INSTRUCTIONS FOR THE TASK:
Up to and including the line containing "Homeroots 8' Round", set down each line of the entries below exactly, starting from the first, and leave out the rest.

(Short web captions)
▬▬▬
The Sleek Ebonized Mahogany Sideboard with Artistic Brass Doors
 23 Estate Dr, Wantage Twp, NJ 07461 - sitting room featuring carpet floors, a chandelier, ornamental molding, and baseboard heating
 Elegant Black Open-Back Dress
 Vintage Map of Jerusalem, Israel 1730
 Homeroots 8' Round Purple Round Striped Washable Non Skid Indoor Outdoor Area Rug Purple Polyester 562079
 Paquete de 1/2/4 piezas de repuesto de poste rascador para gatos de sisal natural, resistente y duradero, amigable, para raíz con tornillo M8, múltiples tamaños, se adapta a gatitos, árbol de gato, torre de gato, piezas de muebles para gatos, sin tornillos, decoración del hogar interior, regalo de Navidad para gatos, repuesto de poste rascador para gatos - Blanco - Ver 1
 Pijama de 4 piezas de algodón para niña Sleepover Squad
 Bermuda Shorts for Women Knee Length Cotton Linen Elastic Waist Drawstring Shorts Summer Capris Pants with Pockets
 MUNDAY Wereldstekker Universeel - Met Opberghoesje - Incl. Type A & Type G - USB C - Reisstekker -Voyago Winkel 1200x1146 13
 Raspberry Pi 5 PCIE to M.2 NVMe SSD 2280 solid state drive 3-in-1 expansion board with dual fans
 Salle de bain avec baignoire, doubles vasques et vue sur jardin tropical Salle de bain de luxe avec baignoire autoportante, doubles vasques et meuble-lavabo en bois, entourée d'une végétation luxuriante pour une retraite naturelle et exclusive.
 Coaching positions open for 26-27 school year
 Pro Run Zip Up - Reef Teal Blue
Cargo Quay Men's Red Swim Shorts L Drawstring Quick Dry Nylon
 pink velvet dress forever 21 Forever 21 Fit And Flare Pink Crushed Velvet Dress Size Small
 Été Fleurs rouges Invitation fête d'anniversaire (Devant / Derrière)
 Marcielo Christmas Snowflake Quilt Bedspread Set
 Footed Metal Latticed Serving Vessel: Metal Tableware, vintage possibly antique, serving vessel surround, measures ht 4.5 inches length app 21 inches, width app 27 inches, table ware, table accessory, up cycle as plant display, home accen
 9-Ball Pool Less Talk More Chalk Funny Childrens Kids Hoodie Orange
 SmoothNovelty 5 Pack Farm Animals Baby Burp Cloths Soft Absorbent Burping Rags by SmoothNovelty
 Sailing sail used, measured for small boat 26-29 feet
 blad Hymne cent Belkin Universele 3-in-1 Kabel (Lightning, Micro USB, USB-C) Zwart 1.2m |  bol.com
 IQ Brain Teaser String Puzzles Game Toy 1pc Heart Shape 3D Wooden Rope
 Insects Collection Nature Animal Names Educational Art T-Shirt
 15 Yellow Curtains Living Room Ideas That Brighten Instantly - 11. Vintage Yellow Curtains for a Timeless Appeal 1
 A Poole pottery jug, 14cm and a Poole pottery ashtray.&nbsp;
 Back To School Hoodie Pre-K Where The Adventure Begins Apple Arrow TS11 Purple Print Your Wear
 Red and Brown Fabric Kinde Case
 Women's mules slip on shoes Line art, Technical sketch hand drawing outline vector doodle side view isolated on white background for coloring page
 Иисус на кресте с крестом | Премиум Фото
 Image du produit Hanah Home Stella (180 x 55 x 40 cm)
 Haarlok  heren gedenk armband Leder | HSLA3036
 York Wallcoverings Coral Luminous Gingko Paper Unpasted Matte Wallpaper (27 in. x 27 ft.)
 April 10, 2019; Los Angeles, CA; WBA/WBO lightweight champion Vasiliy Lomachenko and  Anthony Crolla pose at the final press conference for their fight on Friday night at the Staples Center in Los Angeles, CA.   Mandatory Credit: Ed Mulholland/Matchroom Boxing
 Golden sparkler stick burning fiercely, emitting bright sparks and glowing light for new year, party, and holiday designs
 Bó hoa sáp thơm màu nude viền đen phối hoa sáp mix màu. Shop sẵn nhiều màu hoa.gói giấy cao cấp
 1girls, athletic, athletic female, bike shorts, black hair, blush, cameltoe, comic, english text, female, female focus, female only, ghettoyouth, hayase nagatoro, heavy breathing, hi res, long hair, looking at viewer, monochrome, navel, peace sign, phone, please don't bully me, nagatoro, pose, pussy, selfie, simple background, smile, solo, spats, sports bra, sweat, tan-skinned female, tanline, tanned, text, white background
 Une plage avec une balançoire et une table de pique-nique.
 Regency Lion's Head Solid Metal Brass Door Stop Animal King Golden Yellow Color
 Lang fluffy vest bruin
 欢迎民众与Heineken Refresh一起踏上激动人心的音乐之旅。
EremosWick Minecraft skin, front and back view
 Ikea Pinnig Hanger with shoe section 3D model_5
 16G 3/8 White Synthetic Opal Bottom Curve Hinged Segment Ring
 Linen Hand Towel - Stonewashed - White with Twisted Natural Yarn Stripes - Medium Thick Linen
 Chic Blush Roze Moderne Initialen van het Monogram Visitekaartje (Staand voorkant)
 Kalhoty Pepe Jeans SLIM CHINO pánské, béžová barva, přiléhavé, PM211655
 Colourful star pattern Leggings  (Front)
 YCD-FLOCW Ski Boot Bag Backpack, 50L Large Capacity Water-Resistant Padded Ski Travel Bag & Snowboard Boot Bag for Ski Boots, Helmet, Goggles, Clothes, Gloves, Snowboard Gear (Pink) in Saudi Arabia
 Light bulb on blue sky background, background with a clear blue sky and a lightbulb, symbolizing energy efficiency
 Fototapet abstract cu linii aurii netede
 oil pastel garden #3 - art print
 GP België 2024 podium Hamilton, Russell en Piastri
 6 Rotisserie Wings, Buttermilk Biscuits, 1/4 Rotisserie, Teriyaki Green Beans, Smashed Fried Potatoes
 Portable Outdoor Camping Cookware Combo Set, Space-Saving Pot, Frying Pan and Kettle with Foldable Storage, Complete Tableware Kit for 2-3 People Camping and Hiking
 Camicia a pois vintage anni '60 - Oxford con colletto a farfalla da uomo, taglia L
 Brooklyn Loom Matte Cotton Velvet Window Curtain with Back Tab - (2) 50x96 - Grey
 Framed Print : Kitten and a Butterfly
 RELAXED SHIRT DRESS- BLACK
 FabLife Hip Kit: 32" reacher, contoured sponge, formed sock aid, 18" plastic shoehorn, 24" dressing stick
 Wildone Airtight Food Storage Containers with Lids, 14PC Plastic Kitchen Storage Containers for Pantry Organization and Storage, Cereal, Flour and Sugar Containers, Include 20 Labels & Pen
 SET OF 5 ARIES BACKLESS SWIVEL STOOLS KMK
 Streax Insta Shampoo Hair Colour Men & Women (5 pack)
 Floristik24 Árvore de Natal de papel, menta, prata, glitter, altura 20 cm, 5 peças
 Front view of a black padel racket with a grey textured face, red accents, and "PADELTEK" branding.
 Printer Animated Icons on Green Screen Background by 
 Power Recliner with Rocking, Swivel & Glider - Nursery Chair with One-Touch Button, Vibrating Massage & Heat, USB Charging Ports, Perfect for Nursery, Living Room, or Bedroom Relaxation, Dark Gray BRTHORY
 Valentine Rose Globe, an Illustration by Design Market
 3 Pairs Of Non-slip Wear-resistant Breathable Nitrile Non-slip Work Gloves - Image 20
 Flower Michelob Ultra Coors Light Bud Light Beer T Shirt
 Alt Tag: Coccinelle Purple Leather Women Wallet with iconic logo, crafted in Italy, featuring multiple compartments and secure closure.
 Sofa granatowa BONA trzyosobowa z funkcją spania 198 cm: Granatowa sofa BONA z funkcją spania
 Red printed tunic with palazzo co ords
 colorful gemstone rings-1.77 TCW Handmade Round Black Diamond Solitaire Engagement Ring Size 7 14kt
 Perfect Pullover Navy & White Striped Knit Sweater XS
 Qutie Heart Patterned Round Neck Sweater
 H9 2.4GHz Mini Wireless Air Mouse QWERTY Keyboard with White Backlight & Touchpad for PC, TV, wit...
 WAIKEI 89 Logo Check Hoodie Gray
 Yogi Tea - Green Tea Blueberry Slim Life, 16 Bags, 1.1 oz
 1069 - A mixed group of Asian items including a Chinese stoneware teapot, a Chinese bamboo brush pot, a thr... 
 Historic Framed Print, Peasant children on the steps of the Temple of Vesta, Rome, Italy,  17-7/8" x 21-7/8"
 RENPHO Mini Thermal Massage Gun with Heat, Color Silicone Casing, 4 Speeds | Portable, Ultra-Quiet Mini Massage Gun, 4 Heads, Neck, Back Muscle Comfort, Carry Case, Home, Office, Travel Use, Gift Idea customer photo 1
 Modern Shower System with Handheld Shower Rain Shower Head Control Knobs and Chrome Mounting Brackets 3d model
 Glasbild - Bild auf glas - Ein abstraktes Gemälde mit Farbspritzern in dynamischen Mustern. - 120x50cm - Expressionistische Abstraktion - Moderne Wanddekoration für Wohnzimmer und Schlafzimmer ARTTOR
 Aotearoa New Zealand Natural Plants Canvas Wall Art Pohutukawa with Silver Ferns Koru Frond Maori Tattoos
▬▬▬
ANSWER BOX:
The Sleek Ebonized Mahogany Sideboard with Artistic Brass Doors
 23 Estate Dr, Wantage Twp, NJ 07461 - sitting room featuring carpet floors, a chandelier, ornamental molding, and baseboard heating
 Elegant Black Open-Back Dress
 Vintage Map of Jerusalem, Israel 1730
 Homeroots 8' Round Purple Round Striped Washable Non Skid Indoor Outdoor Area Rug Purple Polyester 562079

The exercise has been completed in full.